Nivardo lives with his father and his mother. His duties at home include buying or selling in the market and cleaning. There are 2 children in the family. His father is sometimes employed as a laborer and his mother maintains the home.
Soccer and playing with cars are Nivardo's favorite activities. In primary school his performance is average and he also regularly attends church activities.

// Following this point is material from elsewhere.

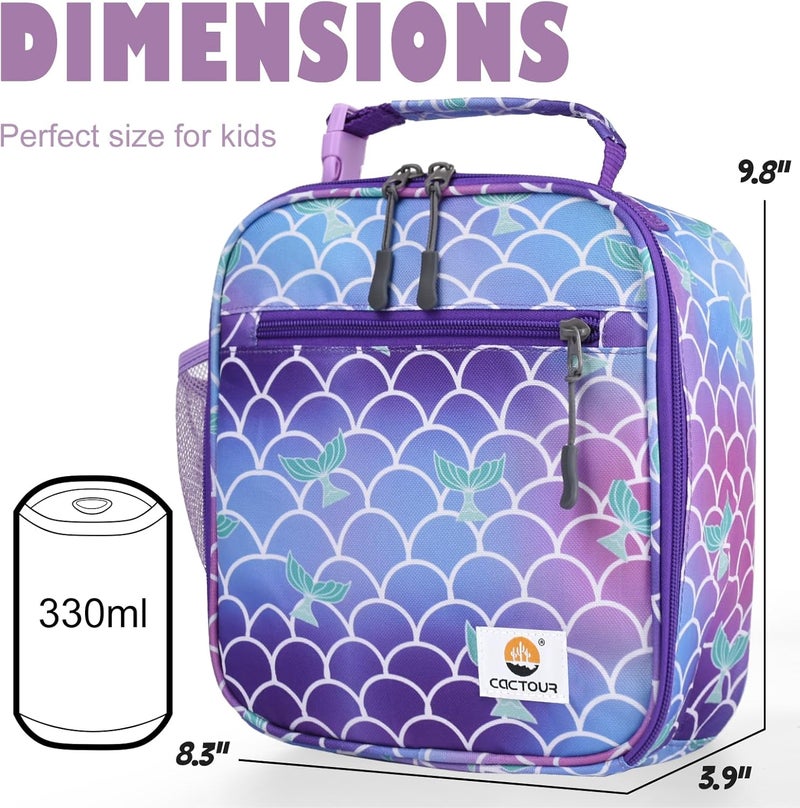 CaCTOUR Lunch Box Kids,Premium Insulated Lunch Bag for Girls Boys,Soft Bag Mini Cooler Back to School Thermal Reusable Lunch Bag for Work School Picnic (Mermaid) - Image 3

Because of your sponsorship, Nivardo will have new opportunities to learn and grow physically, mentally, and spiritually. Thank you for your concern and prayers.
Nivardo lives on the plains of Viliroco, home to approximately 6,700 residents. Typical houses are constructed of cement floors, adobe walls and corrugated iron roofs. The most commonly spoken languages are Aymara and Spanish.
The regional diet consists of maize, chicken, fish, bread, beef, plantains, rice and potatoes. Common health problems in this area include colds, gastrointestinal infections, hepatitis and parasitic diseases. Most adults in Viliroco work as bricklayers and earn the equivalent of $120 per month. This community needs teachers, secondary schools, employment opportunities and improved housing.
Your sponsorship allows the staff of MMB Viliroco Student Center to provide Nivardo with Bible teaching, medical checkups, health education, sport activities, field trips, homework help and vocational training. The center staff will also provide evangelism, vocational training and family counseling for the parents or guardians of Nivardo.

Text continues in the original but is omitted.